PRITCHARD INDUSTRIES, INC.
Before KERNER, DUFFY and FINNEGAN, Circuit Judges.
DUFFY, Circuit Judge.
Plaintiff brought this action to recover $12,050.56, the alleged unpaid balance of the purchase price of a quantity of waste baskets sold to defendant. In its answer defendant admitted receipt of the baskets, but denied liability for the unpaid purchase price, claiming that the baskets did not conform to sample and were of inferior quality and workmanship, and that it had offered to return all of said baskets to plaintiff. Defendant also interposed a counterclaim demanding $25,833.56, the amount which it had paid on its account for said baskets, plus $1,374.86 freight charges, again alleging that the waste baskets shipped by the plaintiff were of poor workmanship and were not merchantable, and that it had offered to return all of said baskets to plaintiff.

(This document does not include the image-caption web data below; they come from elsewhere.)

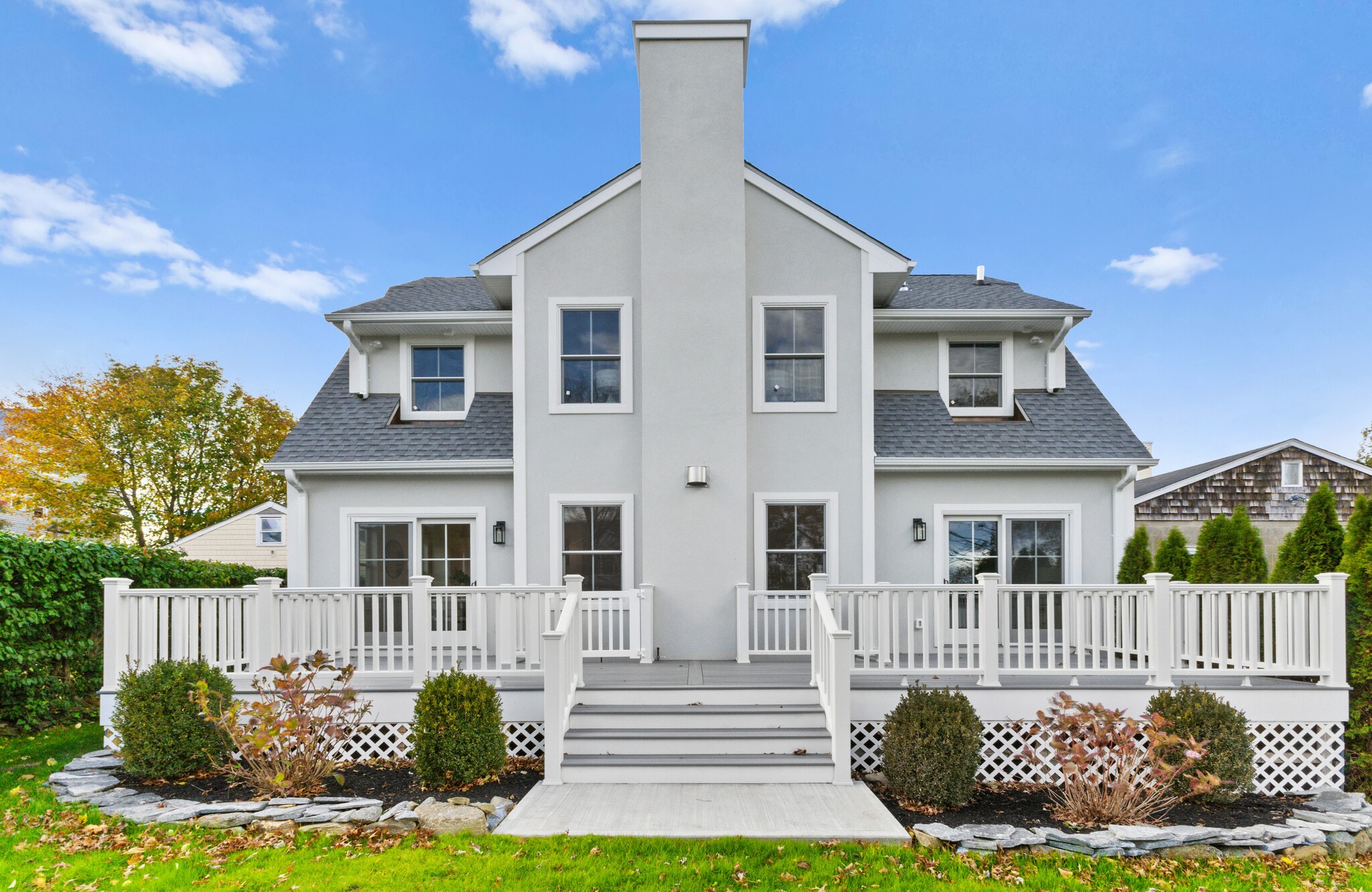 151 Hamilton Ave, Greenwich, CT for sale Primary Photo- Image 1 of 26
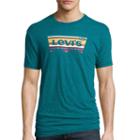 Levi's Short-sleeve Logo T-shirt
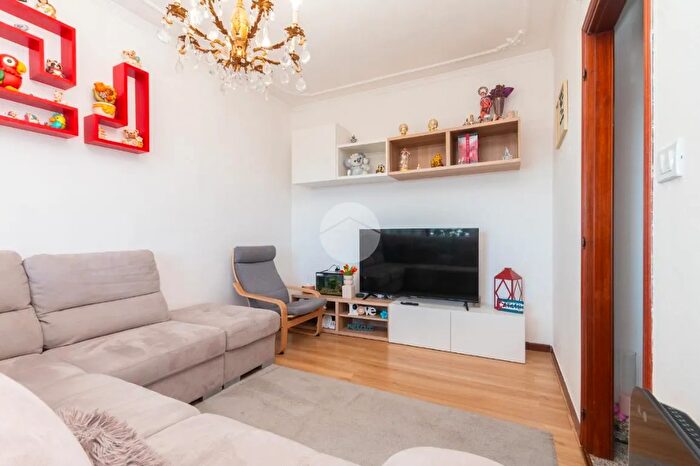 Appartamento quadrilocale in vendita in Via Val della Torre, Alpignano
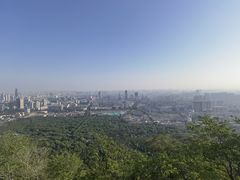 -千佛山风景名胜区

The cause was tried to a jury. At the close of defendant's case, the trial court granted plaintiff's motion for a directed verdict. A formal verdict was not signed by either the members of the jury or the foreman thereof. The court dismissed the counterclaim and entered judgment for the plaintiff, from which judgment this appeal is taken.
Although the order dismissing the counterclaim of plaintiff recites, "Ordered that said counterclaim be and it is hereby dismissed and that judgment be entered on the pleadings * * *," it is apparent from another part of said order and from the colloquy between the trial judge and counsel for plaintiff that a judgment on the verdict was contemplated. The order also recites, "* * * and the Court having heard the evidence adduced and the arguments of counsel and considered the pleadings filed herein directs a verdict for the plaintiff-counterdefendant on the counterclaim herein."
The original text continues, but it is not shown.